*AIM OF THE TASK*
Extract exactly and only the lines from the one containing "今夜无人入睡，为你推荐免费观看中国！" through the end of the entries below. Pictures should not appear in the copy.

[[ DATASET CONTENT open ]]

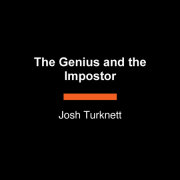 The Genius and the Impostor 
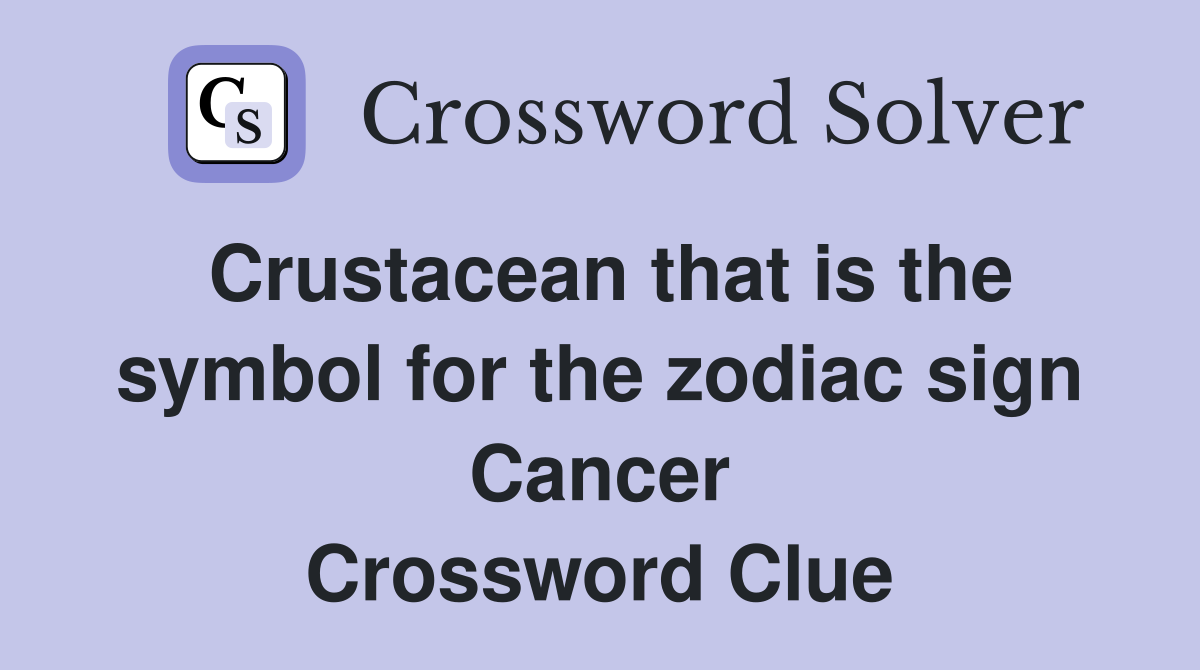 Crustacean that is the symbol for the zodiac sign Cancer Crossword Clue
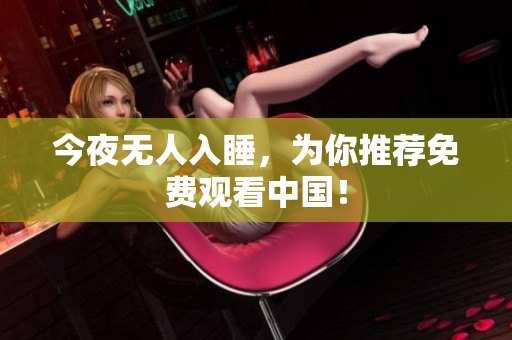 今夜无人入睡，为你推荐免费观看中国！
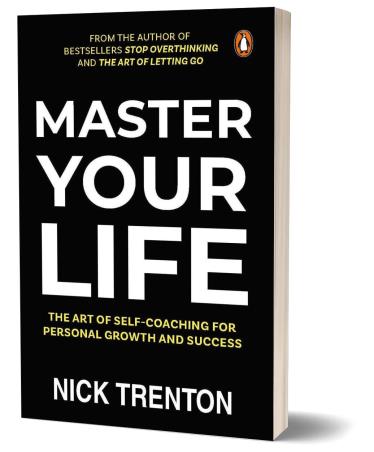 Book cover number 1 for Master Your Life : The Art Of Self-Coaching For Personal Growth And Success written by Nick Trenton published by Penguin Books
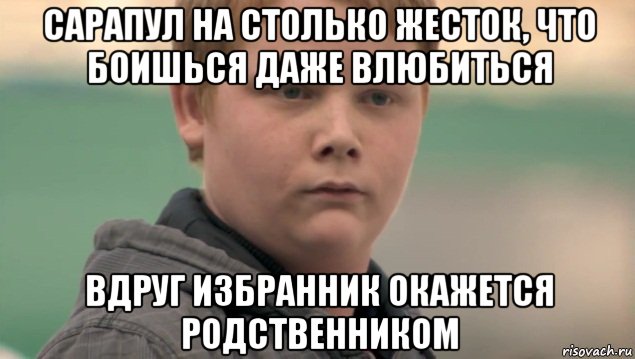 сарапул на столько жесток, что боишься даже влюбиться вдруг избранник окажется родственником, Мем    нифигасе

[[ DATASET CONTENT closed ]]

*COMPLETED TASK*
 今夜无人入睡，为你推荐免费观看中国！
 Book cover number 1 for Master Your Life : The Art Of Self-Coaching For Personal Growth And Success written by Nick Trenton published by Penguin Books
 сарапул на столько жесток, что боишься даже влюбиться вдруг избранник окажется родственником, Мем    нифигасе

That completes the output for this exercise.